## WORK REQUEST
Transcribe the following records exactly, images excluded.

===== DATA PROVIDED =====

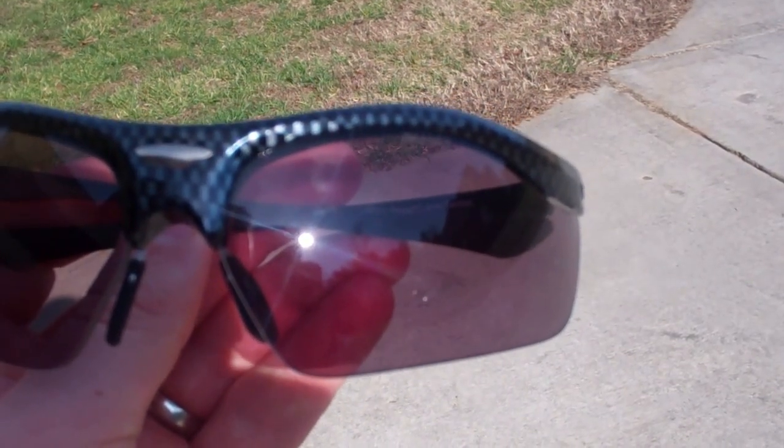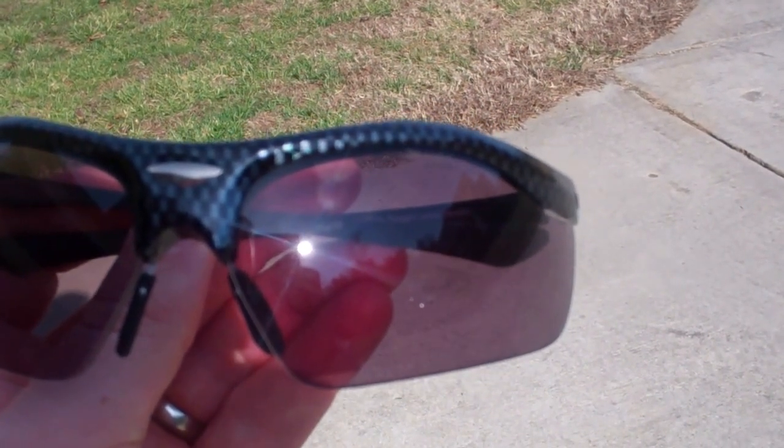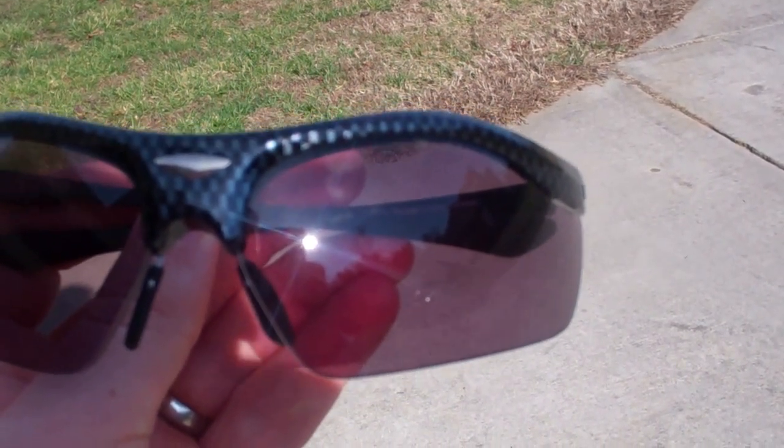If you have these, don't keep them out in the sun and don't leave them on your dashboard. Keep them in the nice case that they come in, so that you don't end up with permanently dark safety glasses.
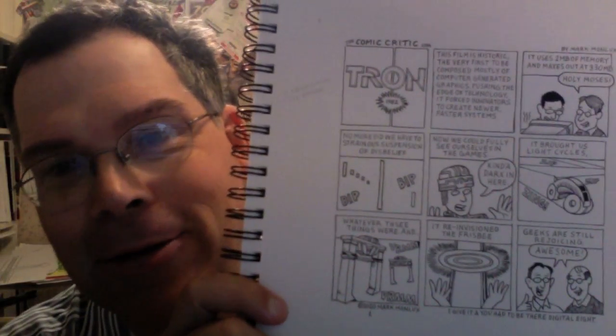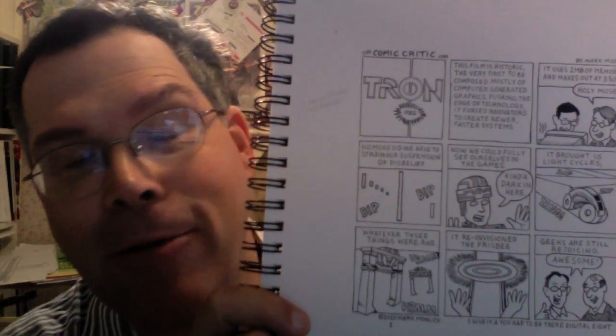This week I drew a review of Tron, and as you can see here in my little sketchbook, everything's kind of white looking.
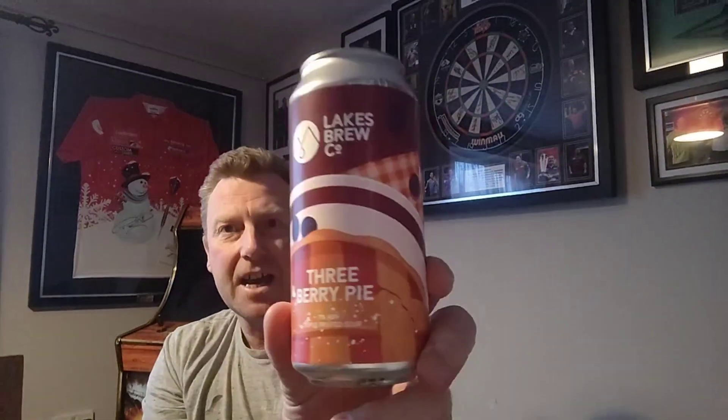We are taking a look at another one I picked up from Lakes BrewCo — an order I placed with them. This one is a sour: it's the Triple Fruited Sour, and this is their Three Berry Pie, coming in at 7% ABV. Lovely looking artwork on the can, 440ml can, and this came in — not a cheap one — five pounds seventy-five.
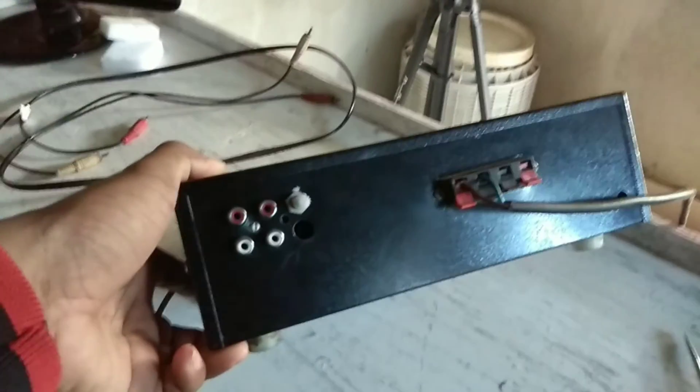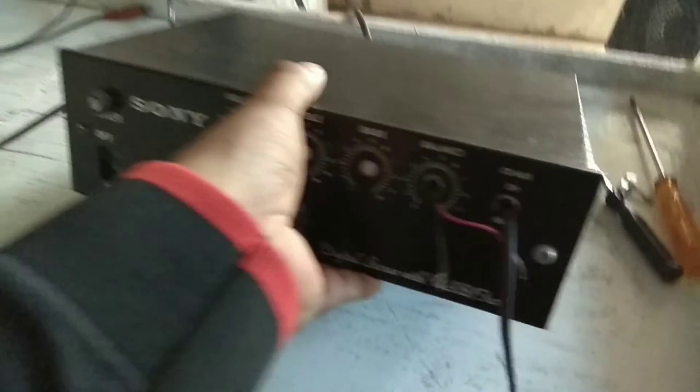Hi friends, this is Agil, welcome back to School of Technology. Today I am going to show you how to make a subwoofer amplifier at home easily. Here you can see that my subwoofer amplifier is assembled and it works with the 100 watt subwoofer speaker. I'm just connecting this wire to this subwoofer amplifier.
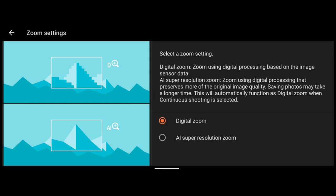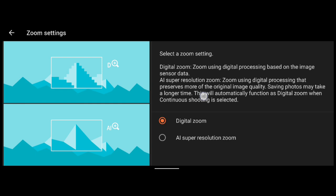To enable AI Zoom, go into the menu where you can see zoom settings. By default it has digital zoom, which uses digital processing based on image sensor data. Then there is AI Super Resolution Zoom, which is a zoom using digital processing that preserves more of the original image quality. Saving photos may take a longer time, and it will automatically function as digital zoom when continuous shooting is selected.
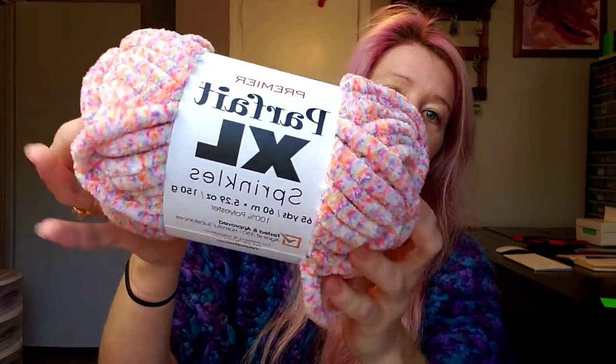Hello, everybody. Welcome back to my channel. My name is Evelyn of Pink Sheep Design, and today we are here to do a yarn review. This yarn review is going to be of Parfait XL, and this is their Sprinkles Edition.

=====

## EXPECTED ANSWER
If you have these, don't keep them out in the sun and don't leave them on your dashboard. Keep them in the nice case that they come in, so that you don't end up with permanently dark safety glasses.
This week I drew a review of Tron, and as you can see here in my little sketchbook, everything's kind of white looking.
We are taking a look at another one I picked up from Lakes BrewCo — an order I placed with them. This one is a sour: it's the Triple Fruited Sour, and this is their Three Berry Pie, coming in at 7% ABV. Lovely looking artwork on the can, 440ml can, and this came in — not a cheap one — five pounds seventy-five.
Hi friends, this is Agil, welcome back to School of Technology. Today I am going to show you how to make a subwoofer amplifier at home easily. Here you can see that my subwoofer amplifier is assembled and it works with the 100 watt subwoofer speaker. I'm just connecting this wire to this subwoofer amplifier.
To enable AI Zoom, go into the menu where you can see zoom settings. By default it has digital zoom, which uses digital processing based on image sensor data. Then there is AI Super Resolution Zoom, which is a zoom using digital processing that preserves more of the original image quality. Saving photos may take a longer time, and it will automatically function as digital zoom when continuous shooting is selected.
Hello, everybody. Welcome back to my channel. My name is Evelyn of Pink Sheep Design, and today we are here to do a yarn review. This yarn review is going to be of Parfait XL, and this is their Sprinkles Edition.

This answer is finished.